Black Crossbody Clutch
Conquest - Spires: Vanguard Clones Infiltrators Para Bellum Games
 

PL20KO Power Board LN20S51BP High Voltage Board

● ● ●

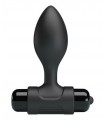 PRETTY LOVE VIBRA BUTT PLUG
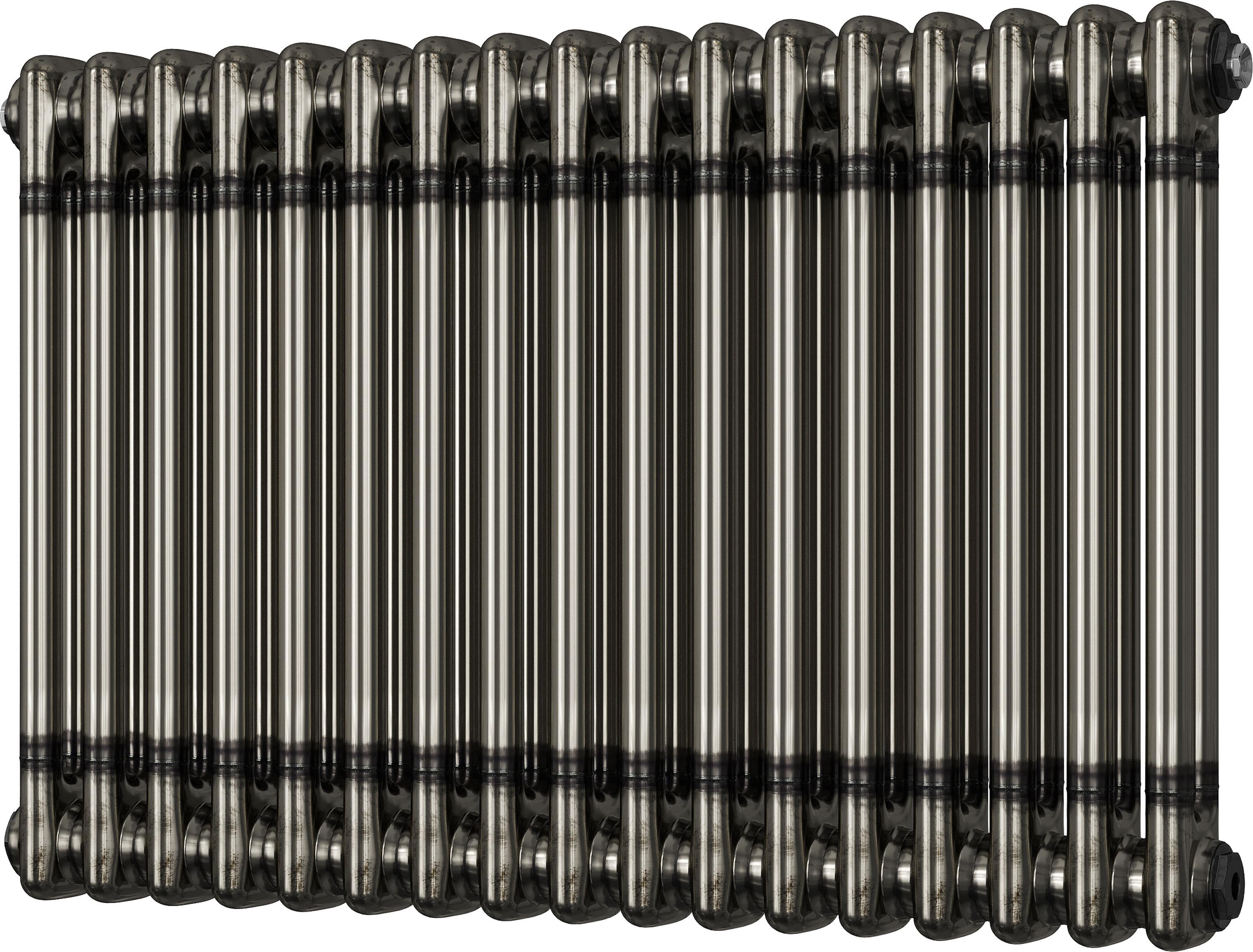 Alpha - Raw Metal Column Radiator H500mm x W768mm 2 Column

● ● ●

## What you should do:
Using the records above, copy word for word the line with "Black Crossbody Clutch", the line with "PL20KO Power Board", and every line between them.

## Expected answer:
Black Crossbody Clutch
Conquest - Spires: Vanguard Clones Infiltrators Para Bellum Games
 

PL20KO Power Board LN20S51BP High Voltage Board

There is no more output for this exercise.